===== Dataset extract =====

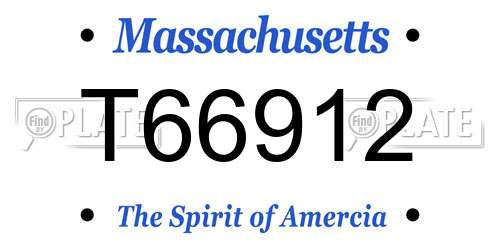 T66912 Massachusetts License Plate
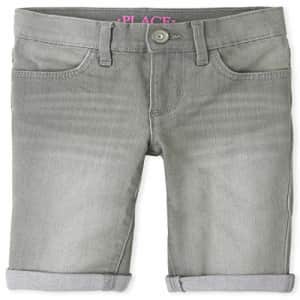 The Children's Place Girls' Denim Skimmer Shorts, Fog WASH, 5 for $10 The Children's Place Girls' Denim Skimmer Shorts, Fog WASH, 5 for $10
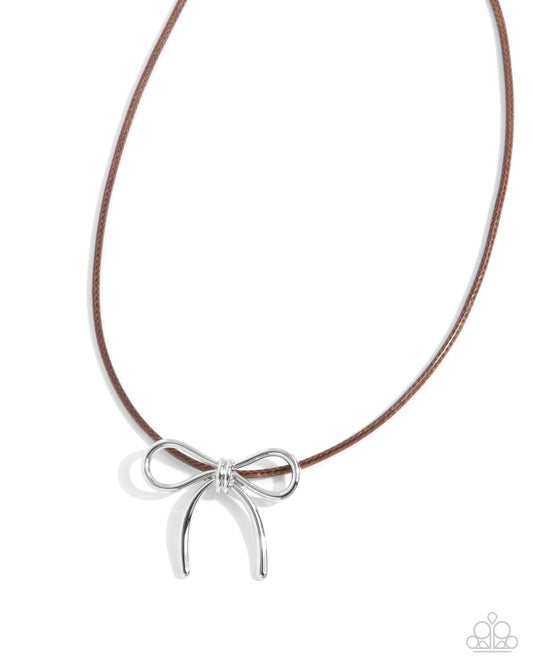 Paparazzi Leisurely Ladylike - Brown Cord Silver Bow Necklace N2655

=====

▶ How to complete this task
Please reproduce the data above word for word, skipping all images.

▶ Answer to this exercise
 T66912 Massachusetts License Plate
 The Children's Place Girls' Denim Skimmer Shorts, Fog WASH, 5 for $10 The Children's Place Girls' Denim Skimmer Shorts, Fog WASH, 5 for $10
 Paparazzi Leisurely Ladylike - Brown Cord Silver Bow Necklace N2655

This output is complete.